-------- Supplied data
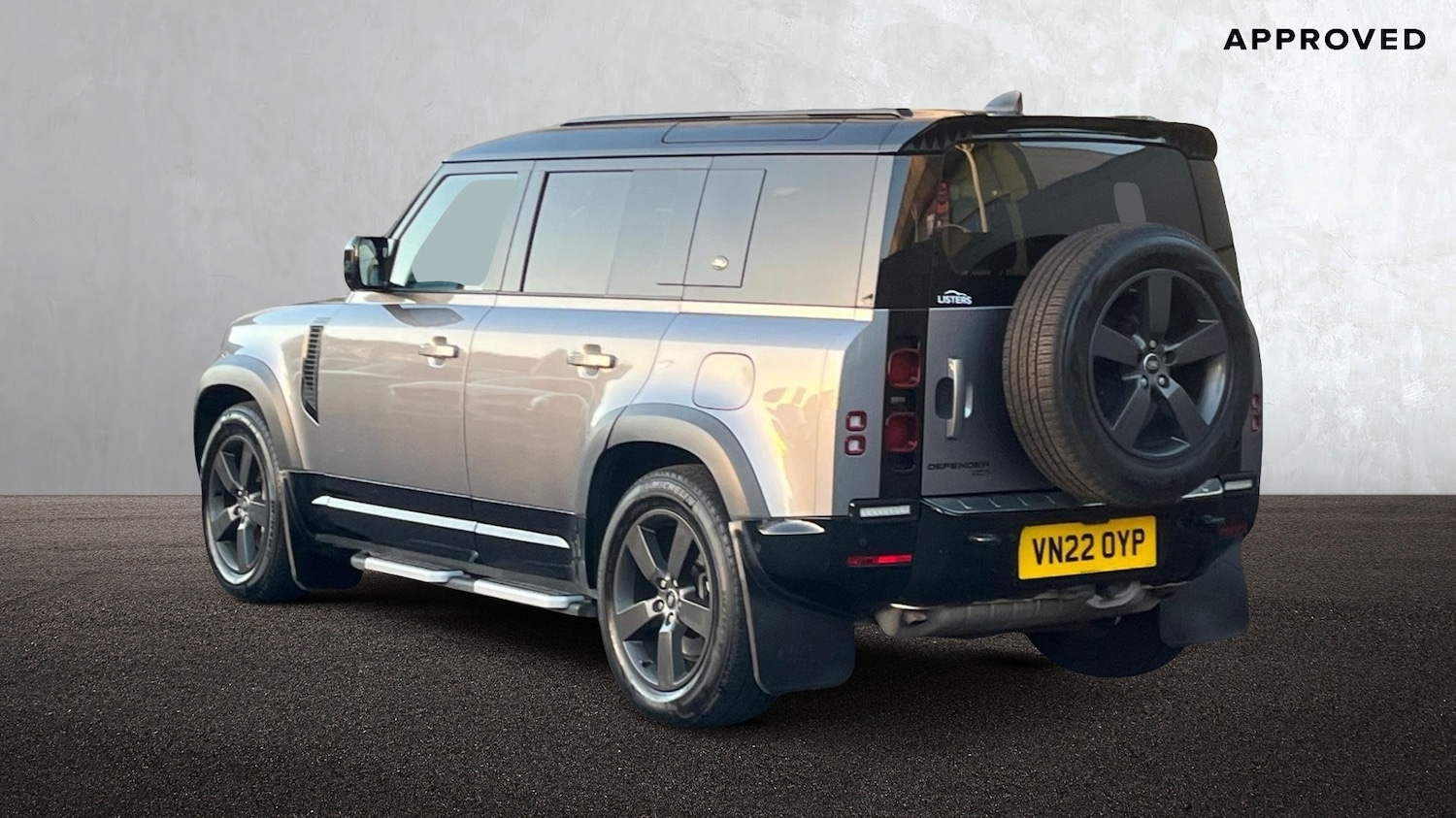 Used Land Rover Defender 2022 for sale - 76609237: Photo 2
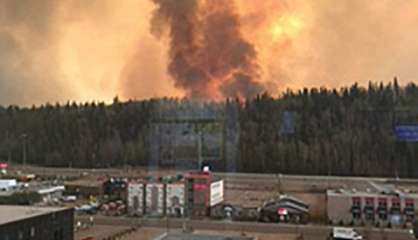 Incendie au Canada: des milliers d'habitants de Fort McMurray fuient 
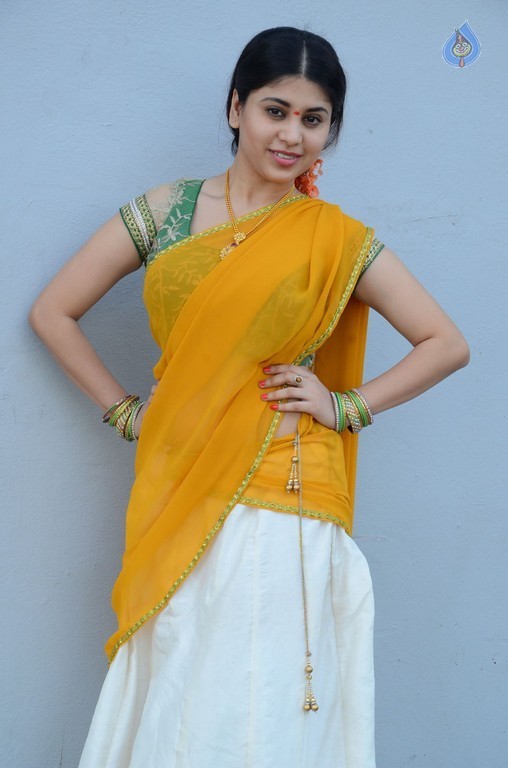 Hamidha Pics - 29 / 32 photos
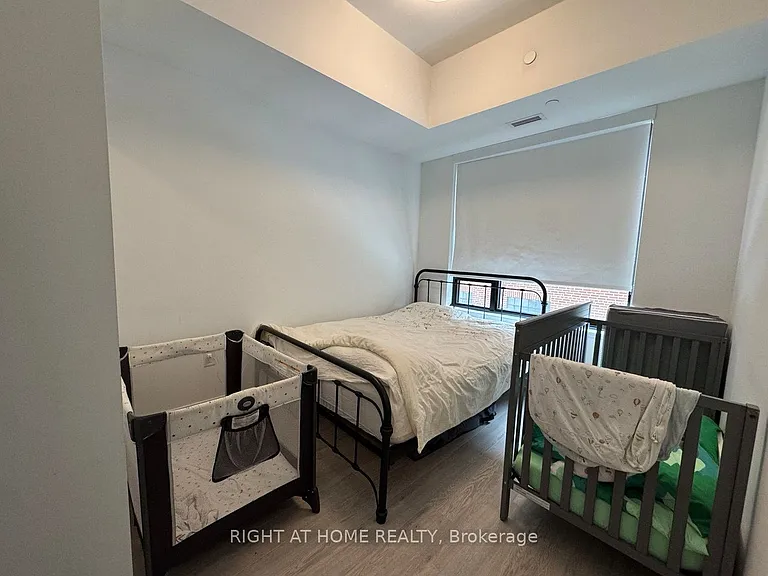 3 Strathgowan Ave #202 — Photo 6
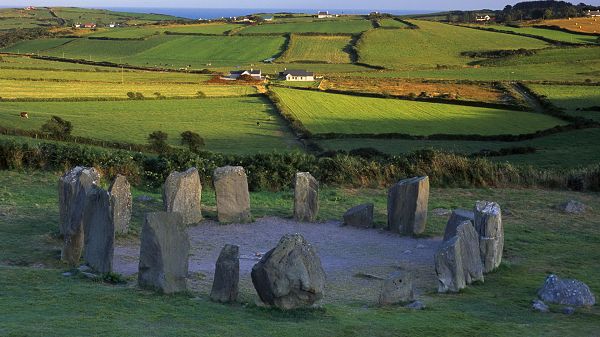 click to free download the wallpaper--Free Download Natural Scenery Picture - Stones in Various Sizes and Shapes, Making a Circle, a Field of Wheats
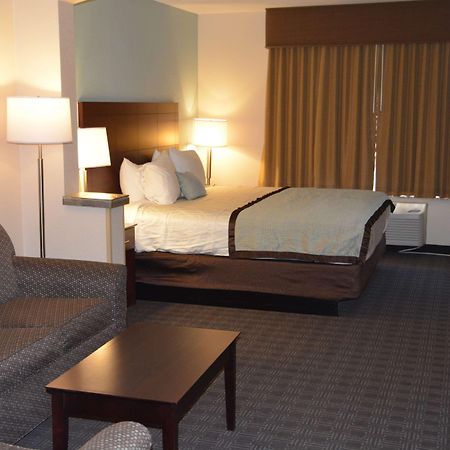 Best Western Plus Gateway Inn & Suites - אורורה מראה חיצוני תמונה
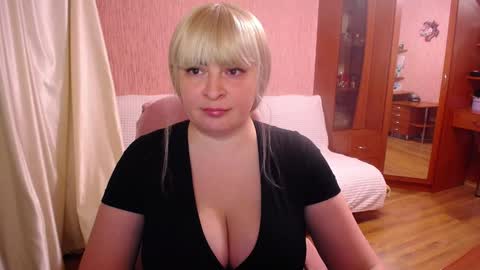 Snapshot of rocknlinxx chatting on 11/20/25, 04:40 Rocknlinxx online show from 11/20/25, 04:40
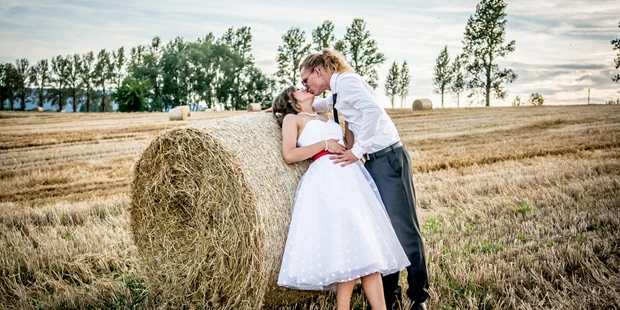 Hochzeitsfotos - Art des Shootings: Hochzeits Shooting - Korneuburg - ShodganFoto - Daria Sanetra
----------------
* **What you will do**: Print an exact copy of the lines above, from the one containing "click to free" through the one containing "Best Western Plus", and leave out the pictures.

* **Your response**:
 click to free download the wallpaper--Free Download Natural Scenery Picture - Stones in Various Sizes and Shapes, Making a Circle, a Field of Wheats
 Best Western Plus Gateway Inn & Suites - אורורה מראה חיצוני תמונה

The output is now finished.